(Records for processing Opens)

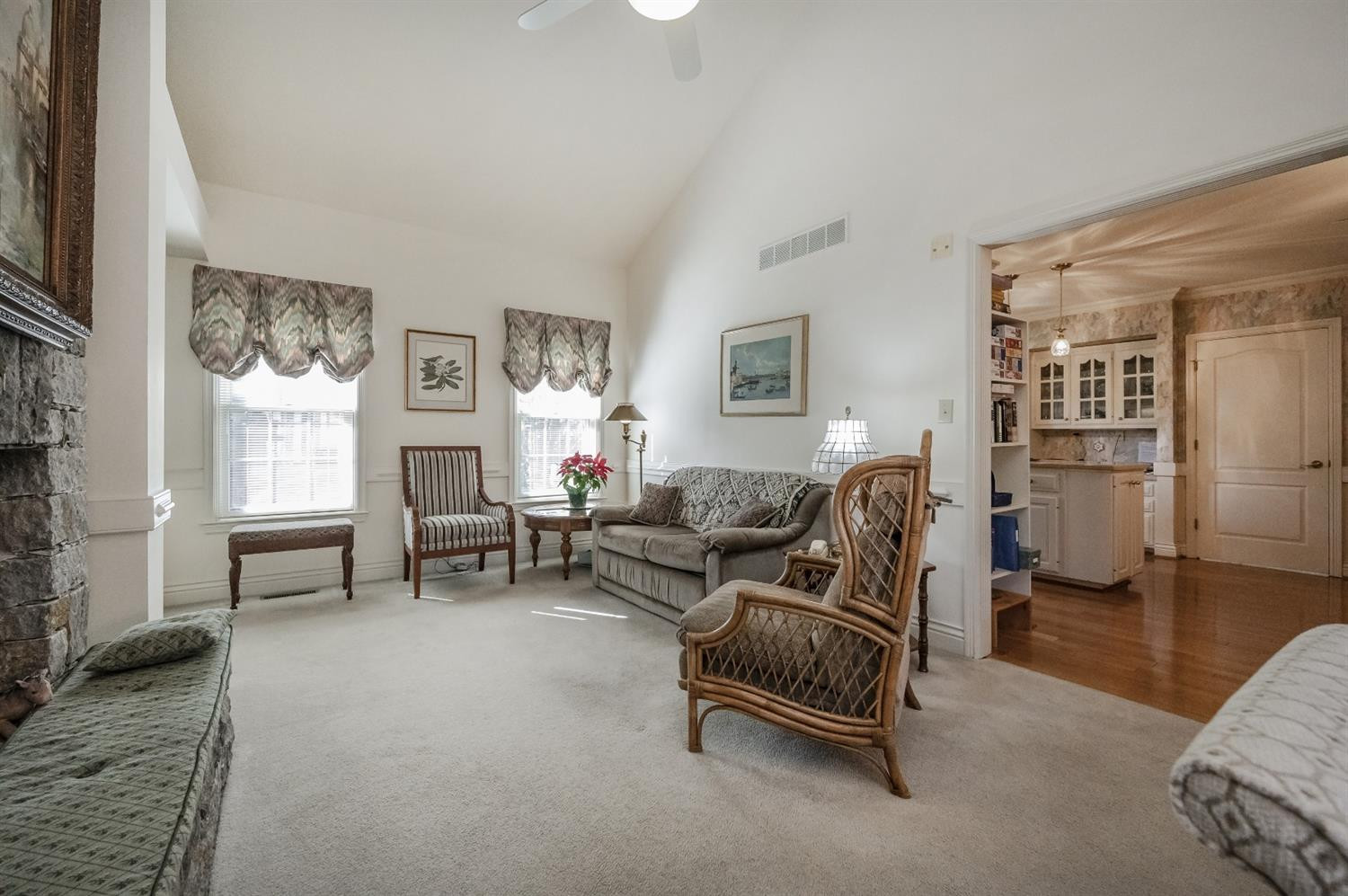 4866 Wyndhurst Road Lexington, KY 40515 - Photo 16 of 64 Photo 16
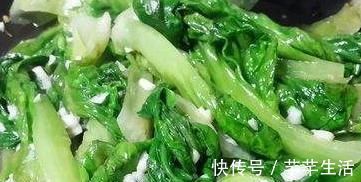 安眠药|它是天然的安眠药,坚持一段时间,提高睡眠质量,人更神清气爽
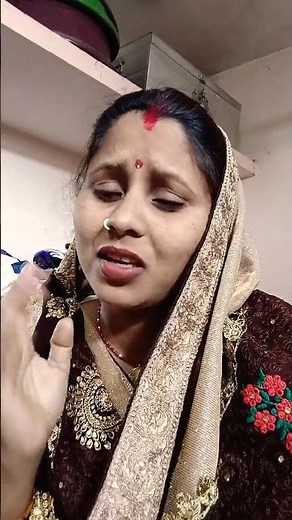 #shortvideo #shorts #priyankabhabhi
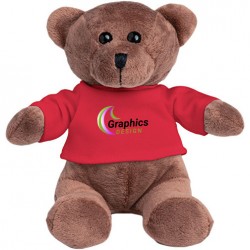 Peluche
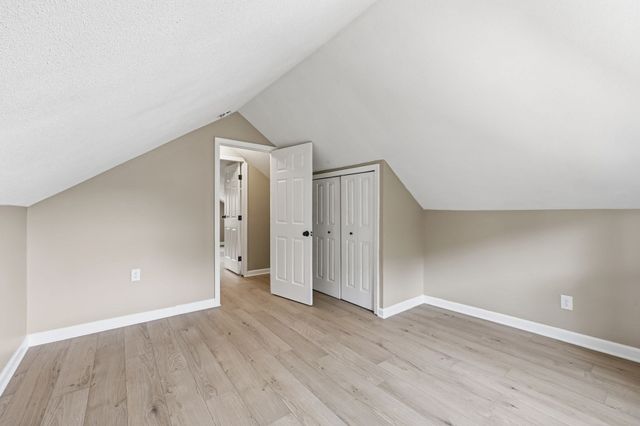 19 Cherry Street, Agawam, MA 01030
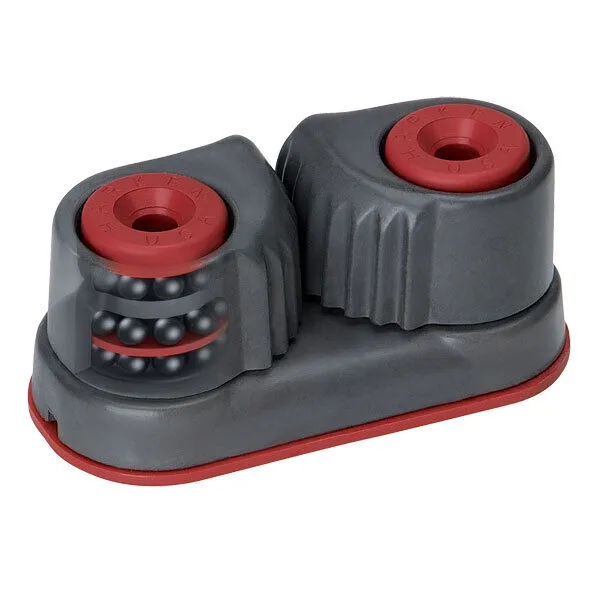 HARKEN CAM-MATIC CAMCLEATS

(Records for processing Closes)

* [How to complete this task]: This task calls for the records to be copied exactly, without pictures.

* [Reply to the task]:
 4866 Wyndhurst Road Lexington, KY 40515 - Photo 16 of 64 Photo 16
 安眠药|它是天然的安眠药,坚持一段时间,提高睡眠质量,人更神清气爽
 #shortvideo #shorts #priyankabhabhi
 Peluche
 19 Cherry Street, Agawam, MA 01030
 HARKEN CAM-MATIC CAMCLEATS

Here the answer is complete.